Articulant le plus général et le plus personnel d’un vécu, l’usage de la liste est récurrent dans ce long poème de Christophe Manon. Loin d’être procédé mécanique, il opère selon plusieurs logiques. Telle liste pourra ainsi incarner immédiatement, sans métaphore, la saveur propre d’une époque, ce en quoi elle constitue un bien commun, une collection de « ressentis » collectifs. Par exemple, une liste des groupes de musique pop ou punk. Ou encore, à travers une liste de toponymes surgira, avec son effet d’immédiate contingence, la singularité de lieux précisément (géographiquement) situés, lieux que toute une communauté (en ses différentes strates : familiale, communale, départementale…) a en partage : « Cercoux, Mirambeau, Bassolais, Maransin, Pochut, Chanias, Bayas, La Grande Clotte, Les Motets, Le Bouscat. ».
Parfois aussi, plus erratique, la liste surgit impromptue, et, comme une lame, lacère l’ombrelle protectrice de ce flux de langage familier et bien ordonné où nous cherchons quotidiennement abri*: « Un avion. Un chien. Un baiser. Un tracteur. De vieilles carcasses rouillées au bout des rangs de vignes. Un baiser. Un kilo de patates. Un dimanche. Un trèfle à quatre feuilles. » Bien qu’étroitement insérée dans le puzzle du poème en prose, l’abrupte rupture qu’introduit une telle liste dans la continuité du ressassement verbal ouvre soudain l’espace d’un ailleurs affranchi de toute pesanteur textuelle. Ainsi trouve à se dire, à la faveur d’une série nominale sans apparente logique, toute l’étrangeté et tout le chaos du monde – de l’expérience d’être au monde.
Telle autre cependant, simple liste-inventaire, suffira à suggérer, en son goût d’éternité, le vécu d’une enfance à la fois commune et singulière : « Et des tartines de confiture pour le goûter ou bien un grand bol de chocolat. Et les batailles de polochon. » « L’effet de liste, notait naguère Jean-Christophe Bailly, est comme une enfance du langage ». Elle nous conduit un instant sur le « versant adamique du langage ». Mais si la liste est le « paradis du nom », elle est, ajoute-t-il, « un paradis dont il faut accepter de tomber pour phraser » et ainsi entrer dans une danse du monde qui est par bien des côtés chaotique.

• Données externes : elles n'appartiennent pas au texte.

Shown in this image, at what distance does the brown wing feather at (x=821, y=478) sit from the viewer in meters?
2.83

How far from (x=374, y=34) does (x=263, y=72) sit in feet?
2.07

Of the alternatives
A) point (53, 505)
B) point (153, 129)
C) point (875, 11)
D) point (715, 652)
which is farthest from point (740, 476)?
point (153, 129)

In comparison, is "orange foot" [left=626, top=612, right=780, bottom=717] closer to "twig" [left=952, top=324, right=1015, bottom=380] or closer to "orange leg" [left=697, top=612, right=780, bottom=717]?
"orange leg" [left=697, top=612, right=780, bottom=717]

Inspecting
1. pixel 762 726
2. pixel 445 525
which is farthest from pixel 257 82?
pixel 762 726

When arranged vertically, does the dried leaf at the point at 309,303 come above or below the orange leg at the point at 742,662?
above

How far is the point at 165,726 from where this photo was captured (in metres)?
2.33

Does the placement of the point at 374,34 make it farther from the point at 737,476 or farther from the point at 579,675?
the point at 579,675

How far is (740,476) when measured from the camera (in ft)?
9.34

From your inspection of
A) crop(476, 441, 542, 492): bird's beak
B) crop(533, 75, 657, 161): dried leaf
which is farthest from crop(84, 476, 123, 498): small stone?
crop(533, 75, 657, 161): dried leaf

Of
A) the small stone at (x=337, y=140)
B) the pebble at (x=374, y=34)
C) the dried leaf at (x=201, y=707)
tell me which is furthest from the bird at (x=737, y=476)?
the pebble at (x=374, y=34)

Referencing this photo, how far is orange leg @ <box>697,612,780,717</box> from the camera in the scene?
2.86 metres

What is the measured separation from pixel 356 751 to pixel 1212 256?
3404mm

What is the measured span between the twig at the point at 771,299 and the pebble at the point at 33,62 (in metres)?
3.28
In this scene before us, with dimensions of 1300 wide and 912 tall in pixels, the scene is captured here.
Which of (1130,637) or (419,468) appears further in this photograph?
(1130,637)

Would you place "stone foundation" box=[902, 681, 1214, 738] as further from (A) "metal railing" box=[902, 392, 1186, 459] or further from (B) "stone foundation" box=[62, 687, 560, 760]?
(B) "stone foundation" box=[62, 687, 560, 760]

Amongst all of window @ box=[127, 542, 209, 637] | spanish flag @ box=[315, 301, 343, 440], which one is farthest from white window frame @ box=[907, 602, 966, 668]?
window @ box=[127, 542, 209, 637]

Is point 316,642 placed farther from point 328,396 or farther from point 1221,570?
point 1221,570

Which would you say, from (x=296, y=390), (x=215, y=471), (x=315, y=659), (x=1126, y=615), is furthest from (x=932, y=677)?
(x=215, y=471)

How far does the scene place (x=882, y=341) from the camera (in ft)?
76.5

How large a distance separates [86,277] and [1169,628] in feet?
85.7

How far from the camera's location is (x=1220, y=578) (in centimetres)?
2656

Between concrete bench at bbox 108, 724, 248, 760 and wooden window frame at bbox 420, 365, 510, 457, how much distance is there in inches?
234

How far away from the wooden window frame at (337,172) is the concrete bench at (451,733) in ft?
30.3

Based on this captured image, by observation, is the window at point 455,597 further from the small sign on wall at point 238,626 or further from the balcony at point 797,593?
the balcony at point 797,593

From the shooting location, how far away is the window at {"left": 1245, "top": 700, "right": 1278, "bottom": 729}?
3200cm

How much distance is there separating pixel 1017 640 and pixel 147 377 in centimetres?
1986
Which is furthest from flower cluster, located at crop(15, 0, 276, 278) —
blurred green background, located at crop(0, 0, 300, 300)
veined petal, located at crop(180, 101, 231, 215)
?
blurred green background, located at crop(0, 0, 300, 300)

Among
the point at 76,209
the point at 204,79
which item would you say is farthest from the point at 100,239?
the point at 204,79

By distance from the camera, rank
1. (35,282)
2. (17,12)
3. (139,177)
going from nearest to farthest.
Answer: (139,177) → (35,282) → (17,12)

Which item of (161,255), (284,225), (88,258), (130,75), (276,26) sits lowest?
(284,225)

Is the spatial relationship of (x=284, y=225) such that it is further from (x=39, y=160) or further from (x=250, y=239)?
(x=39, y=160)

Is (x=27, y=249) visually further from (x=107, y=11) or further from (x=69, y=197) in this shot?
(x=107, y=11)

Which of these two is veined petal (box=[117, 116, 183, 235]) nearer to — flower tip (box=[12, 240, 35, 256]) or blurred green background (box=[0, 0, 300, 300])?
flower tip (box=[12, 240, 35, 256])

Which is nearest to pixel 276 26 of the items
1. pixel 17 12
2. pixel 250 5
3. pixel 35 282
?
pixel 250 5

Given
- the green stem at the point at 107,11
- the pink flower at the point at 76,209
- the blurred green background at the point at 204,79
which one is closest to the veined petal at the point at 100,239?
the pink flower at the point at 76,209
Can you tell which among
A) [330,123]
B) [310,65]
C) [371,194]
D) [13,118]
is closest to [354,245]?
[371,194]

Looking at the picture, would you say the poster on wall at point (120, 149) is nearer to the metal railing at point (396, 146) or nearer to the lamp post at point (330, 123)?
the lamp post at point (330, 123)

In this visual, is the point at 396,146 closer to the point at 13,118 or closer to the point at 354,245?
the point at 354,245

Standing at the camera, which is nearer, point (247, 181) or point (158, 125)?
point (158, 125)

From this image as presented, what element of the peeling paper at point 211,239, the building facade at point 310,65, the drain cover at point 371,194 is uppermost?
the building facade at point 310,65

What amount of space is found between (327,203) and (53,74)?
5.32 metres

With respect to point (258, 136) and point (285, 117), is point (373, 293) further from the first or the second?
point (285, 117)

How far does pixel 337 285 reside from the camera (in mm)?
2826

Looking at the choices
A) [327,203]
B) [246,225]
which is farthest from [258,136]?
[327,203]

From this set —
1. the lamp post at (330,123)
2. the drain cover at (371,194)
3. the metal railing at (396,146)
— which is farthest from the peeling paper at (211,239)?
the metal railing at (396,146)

« Paradis et cloaque », tels étaient selon Zanzotto les deux pôles, impossibles à disjoindre, de la poésie en son battement fondamental. C’est bien un semblable mouvement, me semble-t-il, qui emporte la prose de Christophe Manon et en fait toute la vigueur et saveur. « En ces temps-là, la grève était une joie partagée, un rêve collectif ». Certes ces temps sont bien passés. Mais si, comme dit la chanson, avec le temps tout s’en va, pourtant il reste à dire, à se souvenir, et tout n’est pas fini, nous dit aussi ce livre.

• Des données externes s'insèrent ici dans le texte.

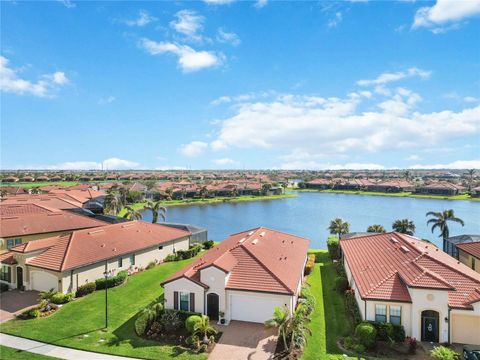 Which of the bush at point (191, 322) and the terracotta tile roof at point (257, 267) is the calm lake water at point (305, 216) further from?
the bush at point (191, 322)

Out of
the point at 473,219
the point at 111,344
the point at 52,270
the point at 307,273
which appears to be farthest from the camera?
the point at 473,219

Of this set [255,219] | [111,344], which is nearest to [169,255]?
[111,344]

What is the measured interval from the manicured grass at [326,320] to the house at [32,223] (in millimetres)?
30131

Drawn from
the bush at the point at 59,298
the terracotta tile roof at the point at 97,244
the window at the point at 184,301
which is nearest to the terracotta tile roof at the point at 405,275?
the window at the point at 184,301

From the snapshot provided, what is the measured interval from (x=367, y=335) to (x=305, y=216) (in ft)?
247

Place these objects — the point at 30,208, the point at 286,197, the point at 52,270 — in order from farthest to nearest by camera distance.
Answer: the point at 286,197 < the point at 30,208 < the point at 52,270

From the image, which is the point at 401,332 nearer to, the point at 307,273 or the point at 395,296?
the point at 395,296

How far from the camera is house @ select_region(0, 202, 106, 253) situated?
36.4 m

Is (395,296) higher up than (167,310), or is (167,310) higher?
(395,296)

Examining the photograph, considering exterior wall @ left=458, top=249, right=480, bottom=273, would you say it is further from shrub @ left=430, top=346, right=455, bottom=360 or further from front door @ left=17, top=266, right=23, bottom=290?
front door @ left=17, top=266, right=23, bottom=290

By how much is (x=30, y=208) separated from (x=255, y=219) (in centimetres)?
5655

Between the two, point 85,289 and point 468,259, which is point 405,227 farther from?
point 85,289

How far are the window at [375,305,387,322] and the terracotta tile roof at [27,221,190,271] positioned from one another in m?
24.6

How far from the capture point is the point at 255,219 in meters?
90.8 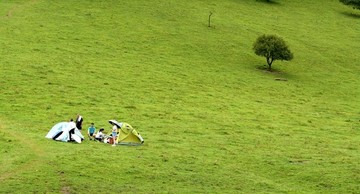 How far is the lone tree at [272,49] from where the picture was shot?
7919 centimetres

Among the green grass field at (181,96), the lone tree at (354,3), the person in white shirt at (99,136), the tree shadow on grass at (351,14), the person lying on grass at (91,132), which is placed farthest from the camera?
the lone tree at (354,3)

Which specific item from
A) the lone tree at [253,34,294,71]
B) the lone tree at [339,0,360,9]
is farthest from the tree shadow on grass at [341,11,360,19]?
the lone tree at [253,34,294,71]

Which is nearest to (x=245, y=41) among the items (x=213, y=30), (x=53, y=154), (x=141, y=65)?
(x=213, y=30)

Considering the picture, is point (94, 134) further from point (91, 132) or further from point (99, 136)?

Et si ces Signes des temps rendent un son si prenant, c’est parce que le lecteur y perçoit d’emblée la force prégnante d’un rythme ostinato. Reposant sur la succession de phrases courtes, la prosodie du livre, son rythme cardiaque, paraît venir de la vie corporelle en ses dimensions les plus physiologiques. Mais l’esthétique n’est-elle pas, comme le soulignait le préhistorien André Leroi-Gourhan, enfouie au plus profond de la « sensibilité viscérale » ?

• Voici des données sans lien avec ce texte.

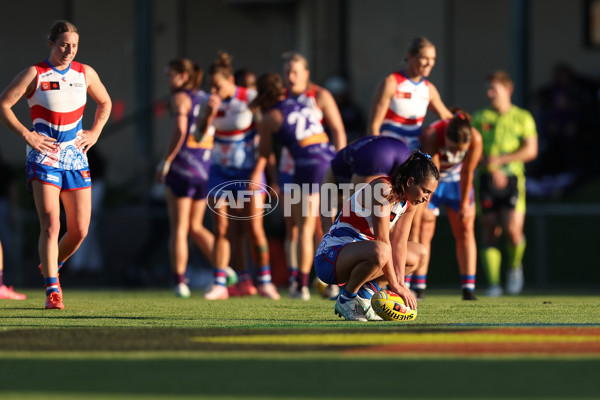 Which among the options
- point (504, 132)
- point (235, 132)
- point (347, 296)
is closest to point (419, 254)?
point (347, 296)

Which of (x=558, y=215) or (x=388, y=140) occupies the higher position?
(x=388, y=140)

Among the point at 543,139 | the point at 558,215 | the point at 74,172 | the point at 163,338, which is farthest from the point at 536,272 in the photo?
the point at 163,338

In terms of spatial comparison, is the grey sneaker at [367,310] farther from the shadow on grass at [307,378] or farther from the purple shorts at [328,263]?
the shadow on grass at [307,378]

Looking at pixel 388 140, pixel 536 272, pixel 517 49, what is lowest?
pixel 536 272

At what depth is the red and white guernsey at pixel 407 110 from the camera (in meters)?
10.1

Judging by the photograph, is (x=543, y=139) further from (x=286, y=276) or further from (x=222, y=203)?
(x=222, y=203)

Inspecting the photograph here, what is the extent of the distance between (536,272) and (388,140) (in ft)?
20.9

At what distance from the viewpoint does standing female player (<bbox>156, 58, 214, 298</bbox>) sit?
36.0 feet

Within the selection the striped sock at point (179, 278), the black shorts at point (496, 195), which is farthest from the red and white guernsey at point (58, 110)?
the black shorts at point (496, 195)

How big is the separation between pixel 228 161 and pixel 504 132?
9.86 feet

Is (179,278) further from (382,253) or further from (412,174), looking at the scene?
(412,174)

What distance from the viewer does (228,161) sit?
1102 cm

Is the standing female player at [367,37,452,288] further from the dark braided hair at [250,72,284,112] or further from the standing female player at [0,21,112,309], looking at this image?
the standing female player at [0,21,112,309]

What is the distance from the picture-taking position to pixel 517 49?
1580 cm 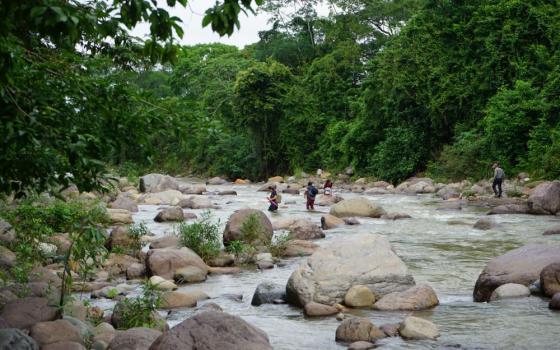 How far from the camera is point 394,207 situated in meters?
21.4

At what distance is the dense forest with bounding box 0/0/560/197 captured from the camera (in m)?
3.80

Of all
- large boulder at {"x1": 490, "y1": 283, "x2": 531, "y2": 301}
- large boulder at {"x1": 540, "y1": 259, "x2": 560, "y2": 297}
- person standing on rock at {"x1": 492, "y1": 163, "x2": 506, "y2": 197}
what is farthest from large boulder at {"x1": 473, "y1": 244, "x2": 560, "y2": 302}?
person standing on rock at {"x1": 492, "y1": 163, "x2": 506, "y2": 197}

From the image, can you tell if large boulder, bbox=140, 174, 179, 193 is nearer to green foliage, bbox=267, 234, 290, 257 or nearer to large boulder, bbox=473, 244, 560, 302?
green foliage, bbox=267, 234, 290, 257

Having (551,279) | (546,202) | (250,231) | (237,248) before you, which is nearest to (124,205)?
(250,231)

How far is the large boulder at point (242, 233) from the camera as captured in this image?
13070 mm

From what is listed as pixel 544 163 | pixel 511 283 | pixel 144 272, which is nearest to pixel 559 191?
pixel 544 163

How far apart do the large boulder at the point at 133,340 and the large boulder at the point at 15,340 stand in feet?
2.24

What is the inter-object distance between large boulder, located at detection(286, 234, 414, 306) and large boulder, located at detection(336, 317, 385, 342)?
54.4 inches

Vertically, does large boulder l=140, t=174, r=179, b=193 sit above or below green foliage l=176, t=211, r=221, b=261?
above

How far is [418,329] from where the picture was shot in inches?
279

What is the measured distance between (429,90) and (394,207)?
10.8 metres

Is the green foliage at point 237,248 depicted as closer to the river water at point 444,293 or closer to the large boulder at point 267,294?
the river water at point 444,293

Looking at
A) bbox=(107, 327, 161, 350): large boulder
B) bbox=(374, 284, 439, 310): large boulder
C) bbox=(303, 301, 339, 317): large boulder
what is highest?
bbox=(107, 327, 161, 350): large boulder

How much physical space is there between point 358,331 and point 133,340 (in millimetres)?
2491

* Je pense ici à une formule de Deleuze où , reprenant une métaphore de Lawrence, il faisait du poète celui qui « pratique une fente dans l’ombrelle » que les hommes ne cessent de fabriquer pour se protéger. À travers la fente ainsi pratiquée, débarrassé des clichés de l’opinion, un regard neuf peut alors être porté sur le monde et l’existence.